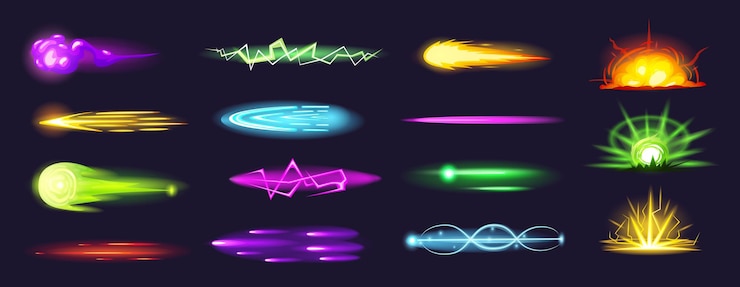 Vector efecto de disparo de blaster rayo láser de neón y disparo de plasma disparos de juego de blaster o arma espacial explosión de energía de relámpago cómico conjunto vectorial actual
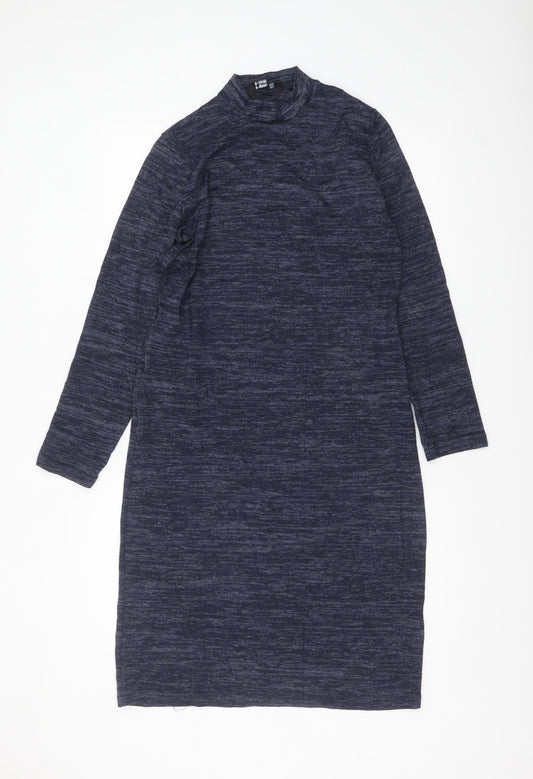 Miladys Women Blue Knit Shift Dress Size 12 Long Sleeve Mock Neck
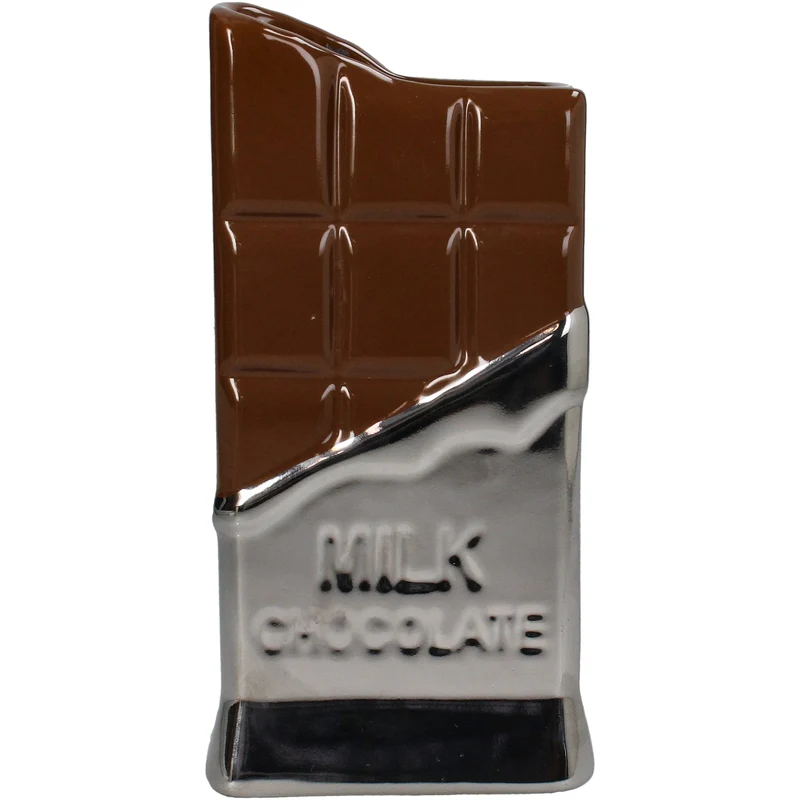 Vase Milk Chocolate Fine Earthenware Silver 10x5x19.5cm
######
_Required work_
Set down exactly the lines between the one with "Miladys Women Blue" and the last line of the material above, both included, but none of the pictures.

_Task answer_
 Miladys Women Blue Knit Shift Dress Size 12 Long Sleeve Mock Neck
 Vase Milk Chocolate Fine Earthenware Silver 10x5x19.5cm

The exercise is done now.